Application Development with Qt-Creator

Packt sent me a copy of their new book on using Qt-Creator "Application Development with Qt-Creator"  by Ray Rischpater.  It is very clearly targeted at beginners and anyone with experience of other IDEs would probably find it too light. However, if you are completely new to programming it covers some of the basics of using Qt-Creator, but not really enough to create an actual application.

This is not a book for learning C++ or Qt. The code samples are very simple. There is section on how to use Qt's signals and slots but many of the topics needed for non-trivial applications are not even mentioned (for example the more advanced widgets such as lists, tables, combo-boxes or event handling.) Fortunately, Qt has comprehensive documentation that covers most of this.
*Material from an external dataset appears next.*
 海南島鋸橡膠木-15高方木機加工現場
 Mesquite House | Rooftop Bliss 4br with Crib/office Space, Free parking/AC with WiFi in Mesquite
The biggest problem that I had with this book was what was missing. Many of the functions that I use the most while programming were not mentioned at all. One of Qt-Creator's strengths is the C++ code model that allows fast navigation. You can find all the places a function is used (Ctrl+U), follow a symbol to where it is declared/defined (F2) and switch between header/source files (F4). This makes navigation in a large code base fast and easy. But these functions did not seem to be covered. Also, the following basic topics are not covered:

  •  Search and replace
  •  The different views in the left hand pane (class view, open documents etc)
  •  Splitting the main editor window to view two files at the same time
  •  Editor functions such as commenting out a block of code
  •  Shortcut keys
  •  Refactoring functions for renaming symbols / extracting functions
  •  Code snippets

For anyone familiar with an IDE these are all straight forward and easy to use. However, if you are new to programming (and are therefore in the target audience for this book) then you might want a bit more explanation and description of the available functions.

The really big omission is a description of the location function (Ctrl+K). This function is central to using Qt-Creator and, for me, what makes Qt-Creator stand out as an IDE. The location field in the bottom left of the screen has many functions. Just typing a filename allows quick opening of any file in the project. It also gives access to the help system, the source control functions, lists of classes and member functions.  Since this is something that sets Qt-Creator apart it almost deserves a whole chapter by itself, but it is not even mentioned.

The lack of coverage of major functions actually suggests that the author has not actually used Qt-Creator for any serious development and has not used Qt significantly either. Slots can be private (or protected) contrary to what is claimed in the book.

The overall impression is one of a professional writer who has not actually used Qt-Creator for any real development. So the writing is clear and easy to follow but the coverage of the topic is very superficial.

If you just want to quickly learn how to setup Qt-Creator, for example to complete a class assignment, then this book covers what you need.  For professional developers on larger projects this book is missing coverage of too many functions.